With the invasion of Ukraine having passed its first anniversary, Russia has increasingly little energy or resources to spare for trying to preserve its influence in other parts of the world. It retains friends here and there, but they know that Vladimir Putin isn’t going to be in a position to help them much if they get into trouble.
We saw this perhaps most dramatically last September, when renewed fighting broke out between Armenia and Azerbaijan. Russia had brokered the agreement that ended their war in 2020, so this time Armenia sought help from the Russian-controlled security organisation, CSTO. Russia provided sympathetic words, but little else. Its influence in central Asia and even central Africa has been going the same way.
Now it’s Georgia’s turn. The last time we looked at Georgia (the country, not the US state), almost two years ago, the European Union had just brought together government and opposition in an agreement that was supposed to end the opposition’s boycott of parliament. However, the largest opposition party, the United National Movement (UNM), refused to ratify it, leading to the government of prime minister Irakli Garibashvili repudiating the deal as well.
Relations worsened in late 2021 with the return to Georgia of former president Mikheil Saakashvili, the founder of the UNM, who had been convicted in absentia of abuse of power. He was promptly arrested and went on a hunger strike. Saakashvili is a strong supporter of Ukraine, and the UNM accused Garibashvili and his party, Georgian Dream, of acting at the behest of Moscow.

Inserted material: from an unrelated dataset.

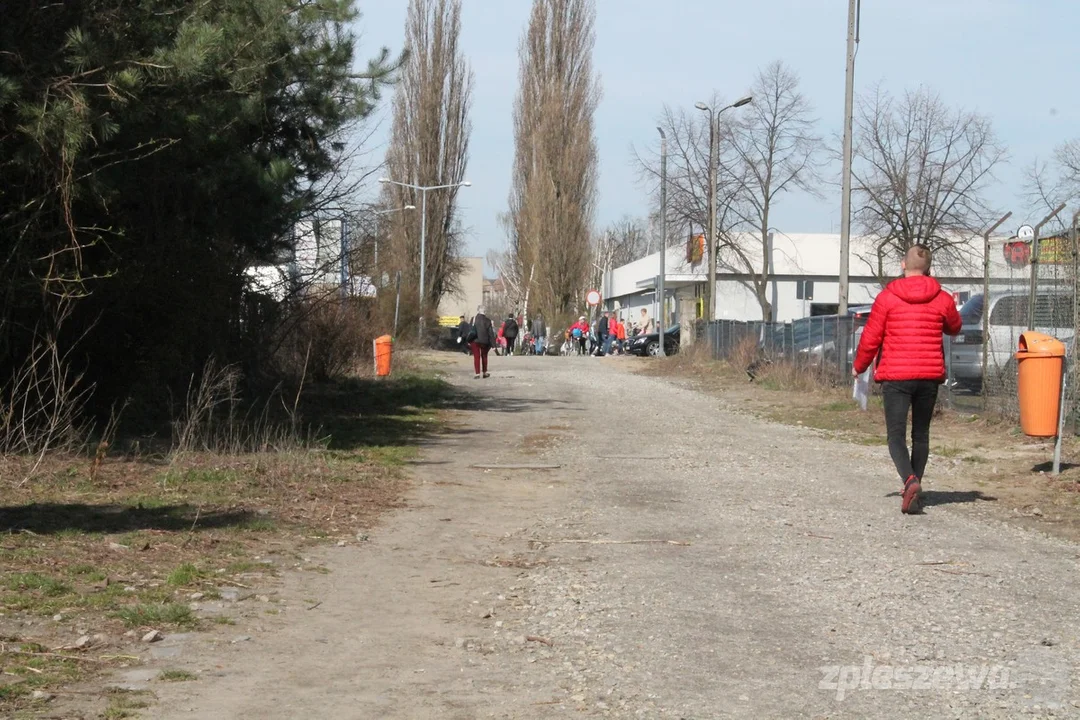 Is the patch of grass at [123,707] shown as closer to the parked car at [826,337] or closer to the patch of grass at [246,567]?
the patch of grass at [246,567]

The reality is that both major parties in Georgia are pro-western, as Garibashvili demonstrated last year when he responded to the invasion of Ukraine by denouncing Putin and applying for EU membership. But the UNM is more stridently anti-Russian (Saakashvili was president during the 2008 war with Russia), and such limited pro-Moscow sentiment as there is tended to be found in Georgian Dream.
The EU was cool on the membership idea – partly because that seems to be its default response to all such applications, but also because of the apparent democratic backsliding under Garibashvili. That in turn ignited some anti-western feeling in Georgia, and last August a small group of Golden Dream MPs left the party to set up a new pro-Russian group, the somewhat misnamed People’s Power.

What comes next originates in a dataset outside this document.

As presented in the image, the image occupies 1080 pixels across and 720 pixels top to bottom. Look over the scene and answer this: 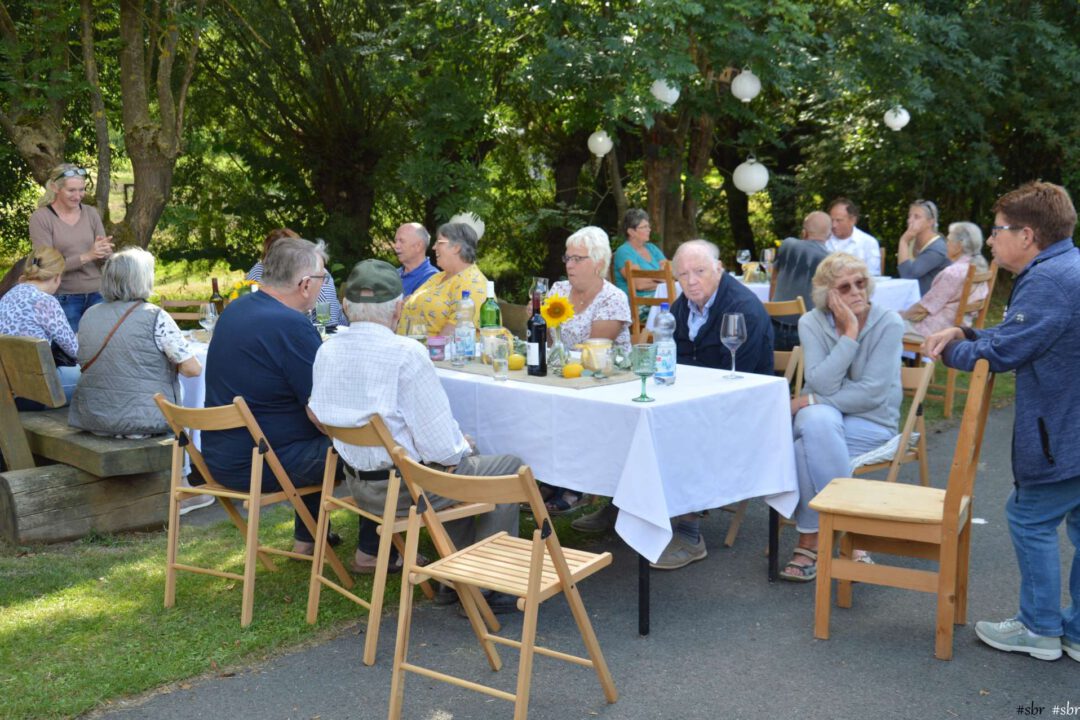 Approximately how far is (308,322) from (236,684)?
1442mm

With Garibashvili now dependant on the pro-Russians for his majority, and the opposition (with the support of the EU) still demanding the release of Saakashvili, the prime minister made a false step: he supported People’s Power last month when it introduced a bill for registration of foreign agents. This is the same device that Putin has used to cripple opposition in Russia, and the UNM and others denounced it as a step towards dictatorship.
Massive protests in the streets of Tbilisi were the result, with the opposition backed by Ukraine and the west, as well as by president Salome Zourabichvili – an independent elected originally with the support of Georgian Dream who broke with them in the 2021 crisis. Last Thursday the government gave in, announcing the withdrawal of the bill and the release of those arrested in the protests.
Moscow wasn’t pleased and, while denying any responsibility for the bill, accused the west of fomenting a coup against the Georgian government. That, of course, is exactly the sort of support that Garibashvili doesn’t want. And it may well be that Putin, regarding all Georgians indiscriminately as enemies, is happy just sowing dissension among them.
For the moment, though, it’s a big moral victory for the opposition. With elections not due until October next year, the question now is whether Georgian Dream can re-establish enough public confidence to continue in office at least that long, or whether, like some of its predecessors, it will be ousted in the streets rather than at the ballot box.